Mord von Idar-Oberstein "AfD ist oberster Agent der Radikalisierung"
Ein offenbar radikalisierter Gegner der Corona-Politik tötet einen Kassierer: Nach
Blumen und Bilder erinnern vor der Tankstelle in Idar-Oberstein an die brutale Tat, die sich hier am Samstag abspielte: Der Kassierer ermahnte einen Mann, er solle beim Einkauf seine Maske tragen. Wutentbrannt stürmte dieser davon und kam wenig später mit einer Waffe zurück. Mit einem Schuss in den Kopf tötete er den erst 20 Jahre alten Angestellten.
Gegenüber der Polizei sagte der Mann, er lehne die Corona-Schutzmaßnahmen ab. In Deutschland ist nun eine Debatte entbrannt, in deren Zentrum die sogenannte Querdenker-Bewegung stehen und auch die AfD. Mehrere Innenpolitiker geben der rechtspopulistischen Partei eine Mitschuld an der Radikalisierung der Querdenker.
- Gefährliche Corona-Leugner: Diese radikalen Gruppen sind aus "Querdenken" hervorgegangen
Die AfD selbst weist das zurück. "Wir verurteilen diese schreckliche Tat und sprechen den Angehörigen unser Beileid aus", sagte Spitzenkandidat Tino Chrupalla und warf den Kritikern ein wahlpolitisches Interesse vor. Ob der Täter tatsächlich Verbindungen zur Querdenker-Bewegung habe, müsse aufgeklärt werden. Seine Partei werde sich aber "immer dagegen wehren, regierungskritische Proteste anhand solcher Taten zu kriminalisieren."

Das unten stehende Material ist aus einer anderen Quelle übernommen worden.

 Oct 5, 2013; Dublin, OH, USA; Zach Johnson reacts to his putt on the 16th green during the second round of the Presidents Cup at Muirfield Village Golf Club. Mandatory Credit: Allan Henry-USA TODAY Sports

Parallele zu Mord an Walter Lübcke
Ganz anders sehen das Innenpolitiker von FDP und SPD: "Die AfD ist der oberste Agent der politischen Radikalisierung in Deutschland", sagte der innenpolitische Sprecher der FDP-Bundestagsfraktion, Konstantin Kuhle, den Zeitungen des Redaktionsnetzwerks Deutschland (RND, Donnerstagsausgaben). Der Täter aus Idar-Oberstein unterstütze die Partei "in den sozialen Medien", sagte Kuhle dem RND.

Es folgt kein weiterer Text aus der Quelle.